● Task statement
Begin with the first line of the material and write out each line exactly, ending with the line that contains "PANTOFI MARO PIELE NATURALA 5S77555". Pictures are not part of the copy.

● Data extracts
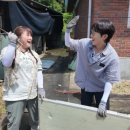 대동마을 이미지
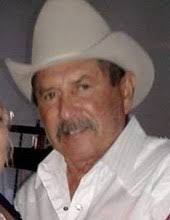 Gilberto Rendon Cantu Obituary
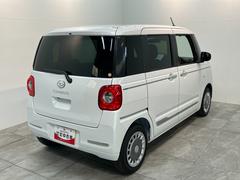 ͤˤԤäʤޤӤޤ褦͡Ÿ֤ѰפƤޤϥĤηڼư֤ǤϤʤ¾᡼֤䥳ѥȥߥ˥Хʤɤ¿·Ƥޤ 3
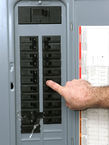 Electrical Inspections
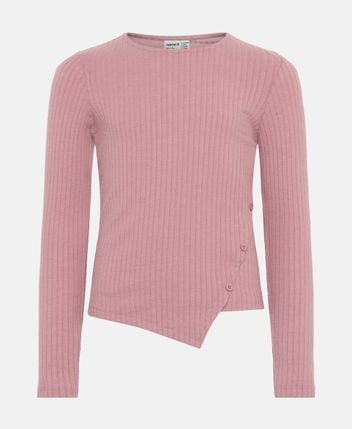 Long-sleeved top Raline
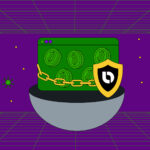 web más segura para comprar bitcoins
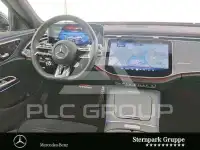 2024 Mercedes Benz E 53 AMG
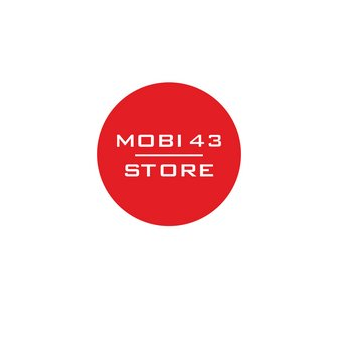 Mobi43
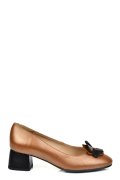 PANTOFI MARO PIELE NATURALA 5S77555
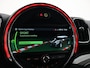 MINI Countryman 2.0 COOPER S 192 PK ALL4 JCW + ADAPTIVE CRUISE | PANORAMA | HEAD-UP | HK | CAMERA | STOELVERW. | KEYLESS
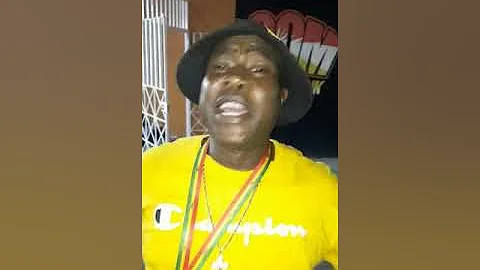 big song wicka man Peter metro beres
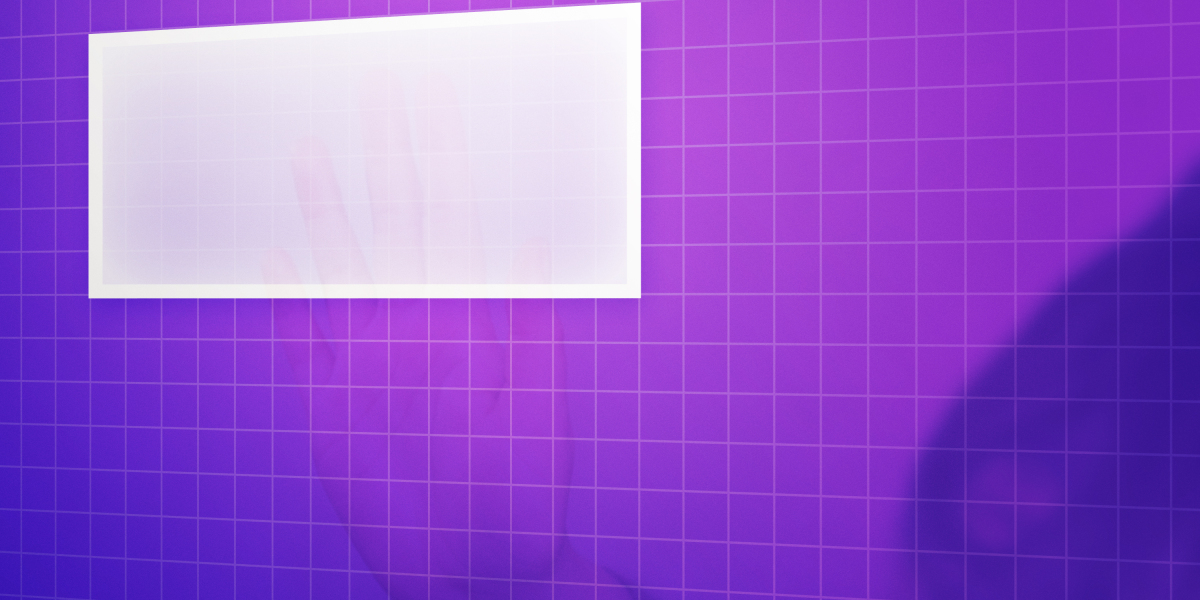 The Best Gold IRA: A Comprehensive Information To Secure Your Retirement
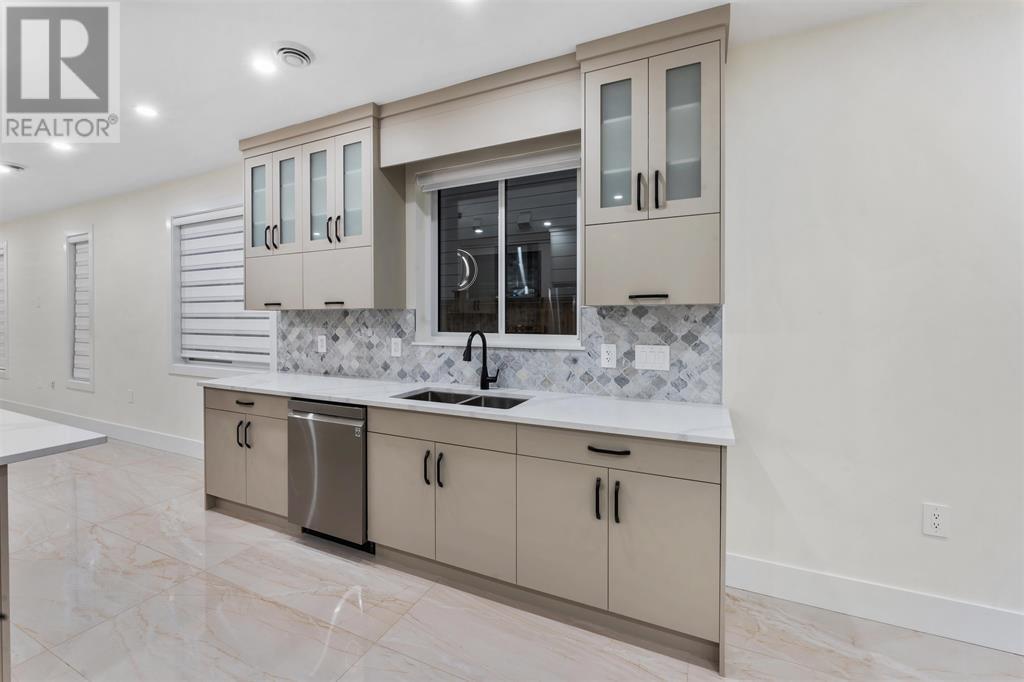 Listing Picture 10 of 13 : 7329 ETHEL AVENUE, Burnaby / 本拿比 - 魯藝地產 Yvonne Lu Group - MLS Medallion Club Member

● Finished exercise
 대동마을 이미지
 Gilberto Rendon Cantu Obituary
 ͤˤԤäʤޤӤޤ褦͡Ÿ֤ѰפƤޤϥĤηڼư֤ǤϤʤ¾᡼֤䥳ѥȥߥ˥Хʤɤ¿·Ƥޤ 3
 Electrical Inspections
 Long-sleeved top Raline
 web más segura para comprar bitcoins
 2024 Mercedes Benz E 53 AMG
 Mobi43
 PANTOFI MARO PIELE NATURALA 5S77555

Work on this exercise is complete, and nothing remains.